• Required action: Go to the line containing "Elegant Purple Wedding Thank You Gift Tag" below; retype it and all following lines exactly, and leave out the pictures.

*****

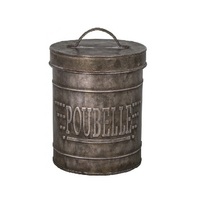 Poubelle ronde galvanisée en étain fait à la main avec design classique Parfait pour une poubelle élégante et fonctionnelle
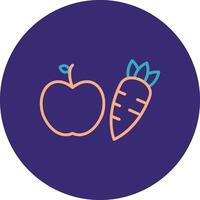 Healthy Eating Line Two Color Circle Icon vector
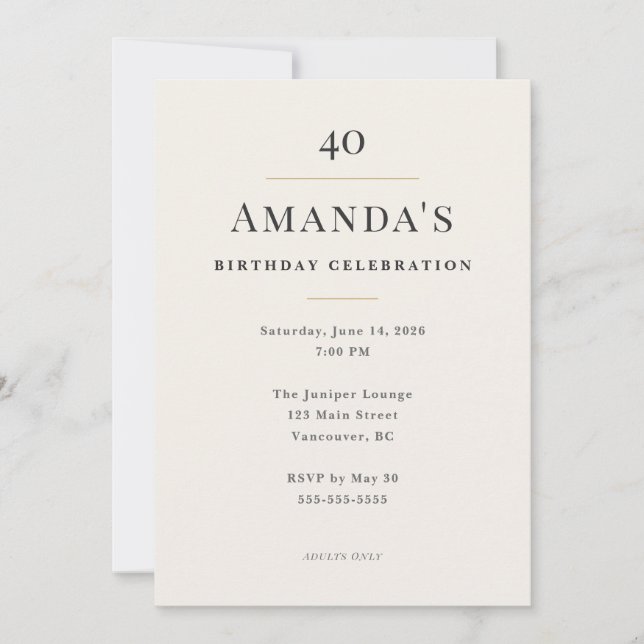 Invitación Elegante Celebración de Cumpleaños 40 Minimalista (Anverso)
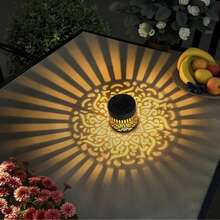 Solar Powered Small Ceramic Pot Mandala Flower Wall Light Outdoor Garden Lamp Waterproof Warm White LED Suitable For Yard Lawn Park - Mandala Wall Lamp - View 5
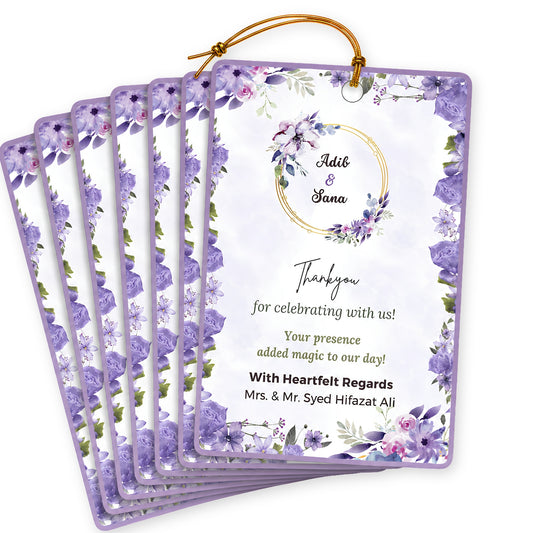 Elegant Purple Wedding Thank You Gift Tag
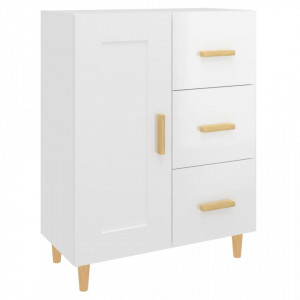 Servantă, alb extralucios, 69,5x34x90 cm, lemn compozit - V812228V - Img 1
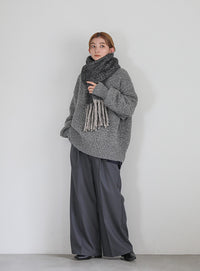 ボリュームフリンジヘリンボーンシャギーマフラー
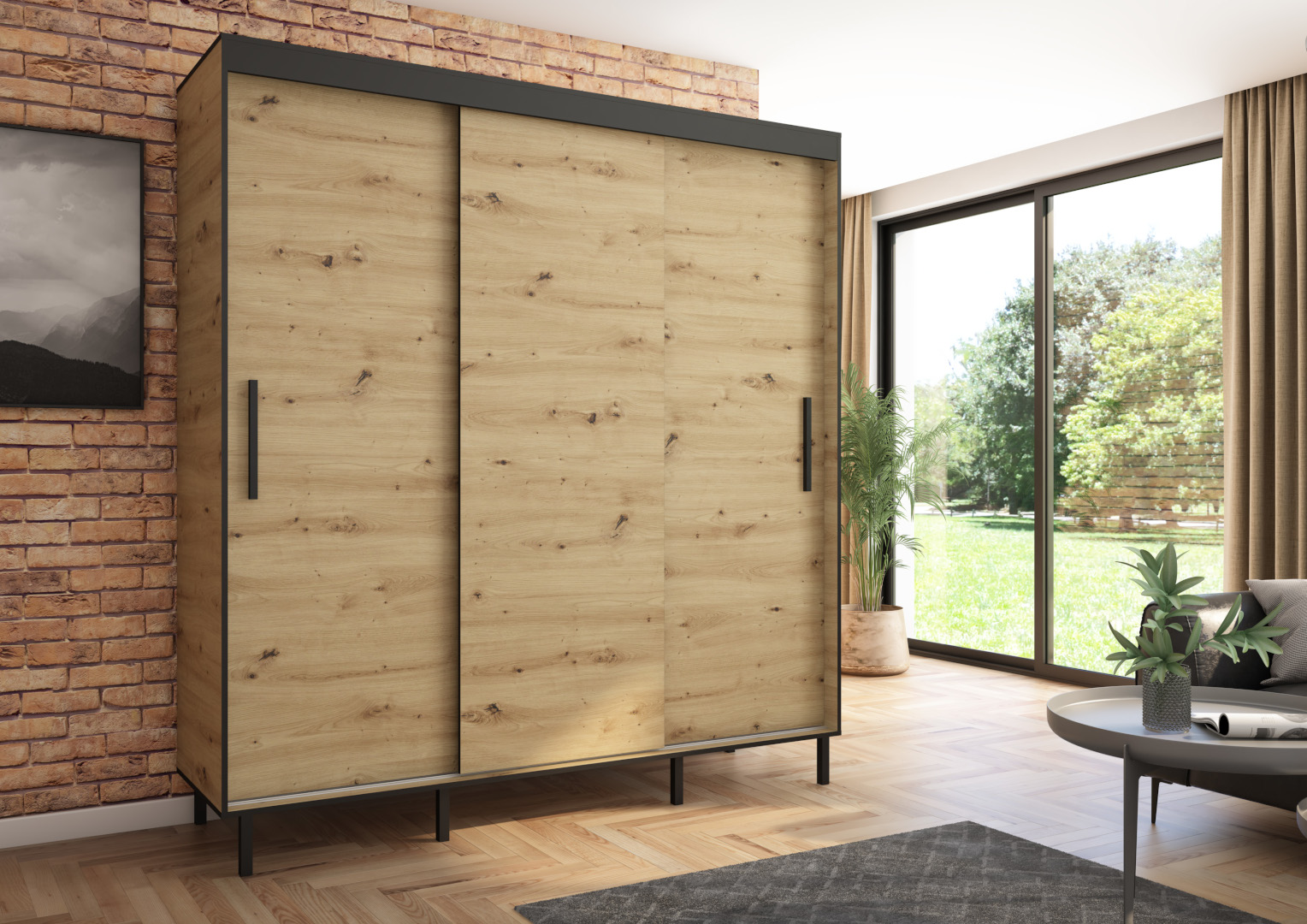 Szafa przesuwna BRAGA 205 gładka, Artisan, Czarne listwy HD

*****

• Response box:
 Elegant Purple Wedding Thank You Gift Tag
 Servantă, alb extralucios, 69,5x34x90 cm, lemn compozit - V812228V - Img 1
 ボリュームフリンジヘリンボーンシャギーマフラー
 Szafa przesuwna BRAGA 205 gładka, Artisan, Czarne listwy HD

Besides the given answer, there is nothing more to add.